No es la horca el signo que
estigmatiza a Judas como un maldito, sino sus entrañas desparramadas
(16). Parece ser que no era posible emitir un fallo condenatorio contra
Judas sin desaparecer antes la horca que él mismo dispuso para cegarse
la vida, como si el suicidio lo ayudara en lugar de hundirlo más. Como
si el hecho de haberse suicidado fuera una especie de atenuante. Este
puede ser un indicio razonable del valor que todavía se le asignaba al
suicidio altruista en tiempos del primer cristianismo.
Para
lograr entender esto hay que tomar en consideración que la sociedad de
Judas no es de ningún modo la nuestra, que se trata de un mundo en el
cual el suicidio no estaba proscrito y los sujetos se quitaban la vida
con relativa facilidad. El propio Durkheim nos informa sobre algunas
prácticas suicidas bastante extendidas entre los judíos de la era
precristiana, que incluso penetraron el primer siglo.
“En
el judaísmo, la costumbre de buscar la muerte en las aguas del Ganges o
en otros ríos sagrados estaba muy extendidas. Las inscripciones nos dan
a conocer nombres de reyes y ministros que se prepararon a terminar así
sus días, y se asegura que a principios del siglo estas supersticiones
no habían desaparecido completamente...” (DURKHEIM: 1999: 232)
Dado
que los individuos no estaban suficientemente diferenciados como para
darse demasiada importancia, no había razón para no quitarse la vida en
circunstancias en las cuales el suicida entendía que era su deber frente
a la sociedad.
(8) Carson, D.A. Ídem.
(9) Mateo es el único evangelista que se ocupa del problema del arrepentimiento de Judas.
(10) Reina-Valera 1995—Edición de Estudio, (Estados Unidos de América: Sociedades Bíblicas Unidas) 1998.
(11) La palabra remordimiento aparece en algunas versiones.
(12) Douglas, J. D., op cit.
(13) Reina-Valera 1995—Edición de Estudio, (Estados Unidos de América: Sociedades Bíblicas Unidas) 1998.
(14) Es así como entienden la mayor parte de eruditos la expresión “para irse a su lugar”.
(15) Ésta es la misma razón para el título de “hijo de perdición” que se le da en Jn. 17.12.
(16)
Varias veces se ha tratado de armonizar las dos versiones, por ejemplo,
la sugerencia de Agustín de que la cuerda se rompió, y de que Judas
murió a consecuencia de la caída, en la forma que relata Hch. 1.18,
combinando así los relatos de Mateo y del libro de Hechos.
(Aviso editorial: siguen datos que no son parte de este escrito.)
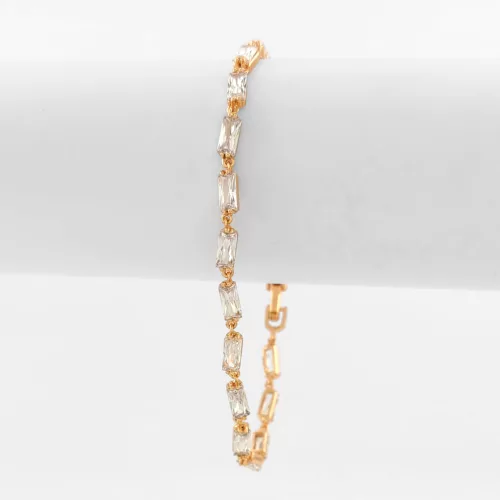 Aranyszínű antiallergén karkötő fehér kristályokkal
Douglas, J.
D., Nuevo Diccionario Biblico Certeza, (Barcelona, Buenos Aires, La Paz,
Quito: Ediciones Certeza) 2000, c1982. Este es el mismo error que
cometen quienes pretenden fusionar los cuatro evangelios para obtener
uno solo, pues no respetan los escritos como textos independientes con
intenciones teológicas distintas; pues, al margen de una sucesión
cronológica coherente de los hechos que se relatan o de la historicidad
de los sucesos, lo medular radica en la intención que subyace al
enfatizar en ciertos detalles y omitir otros.